» Input data:
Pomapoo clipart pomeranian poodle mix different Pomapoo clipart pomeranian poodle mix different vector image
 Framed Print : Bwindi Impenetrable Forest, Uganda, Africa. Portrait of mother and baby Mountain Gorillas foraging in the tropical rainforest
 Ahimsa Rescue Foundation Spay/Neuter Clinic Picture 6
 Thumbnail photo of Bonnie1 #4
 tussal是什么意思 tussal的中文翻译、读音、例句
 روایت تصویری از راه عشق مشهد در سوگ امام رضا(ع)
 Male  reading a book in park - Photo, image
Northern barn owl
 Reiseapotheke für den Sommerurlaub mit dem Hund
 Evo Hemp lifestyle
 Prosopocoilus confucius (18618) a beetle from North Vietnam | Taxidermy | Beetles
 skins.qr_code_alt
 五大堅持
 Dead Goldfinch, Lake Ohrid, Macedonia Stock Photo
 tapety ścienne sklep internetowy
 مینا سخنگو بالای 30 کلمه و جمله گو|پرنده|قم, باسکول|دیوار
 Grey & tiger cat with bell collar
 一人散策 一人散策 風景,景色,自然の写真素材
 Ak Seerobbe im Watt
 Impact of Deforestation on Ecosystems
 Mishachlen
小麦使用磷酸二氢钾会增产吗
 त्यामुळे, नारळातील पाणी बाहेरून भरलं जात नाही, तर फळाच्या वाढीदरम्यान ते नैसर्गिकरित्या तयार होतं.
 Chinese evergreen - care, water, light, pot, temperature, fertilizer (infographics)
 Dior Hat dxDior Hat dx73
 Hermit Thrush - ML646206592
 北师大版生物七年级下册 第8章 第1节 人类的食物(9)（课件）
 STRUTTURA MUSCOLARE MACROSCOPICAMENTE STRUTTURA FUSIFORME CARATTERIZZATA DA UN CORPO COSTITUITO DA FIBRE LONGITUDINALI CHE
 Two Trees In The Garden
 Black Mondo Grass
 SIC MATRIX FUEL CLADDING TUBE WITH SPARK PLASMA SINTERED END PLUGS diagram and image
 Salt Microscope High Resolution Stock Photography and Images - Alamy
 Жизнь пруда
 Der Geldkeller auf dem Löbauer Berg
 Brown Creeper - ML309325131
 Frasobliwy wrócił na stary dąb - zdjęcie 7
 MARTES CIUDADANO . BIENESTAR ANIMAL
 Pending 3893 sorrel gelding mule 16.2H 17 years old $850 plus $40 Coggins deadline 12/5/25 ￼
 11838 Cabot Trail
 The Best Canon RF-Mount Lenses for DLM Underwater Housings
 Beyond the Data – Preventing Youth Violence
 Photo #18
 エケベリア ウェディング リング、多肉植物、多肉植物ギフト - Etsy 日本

» Problem requirements:
Give the count of lines in the listing that hold the word "Stock", with no other text.

» Reply:
2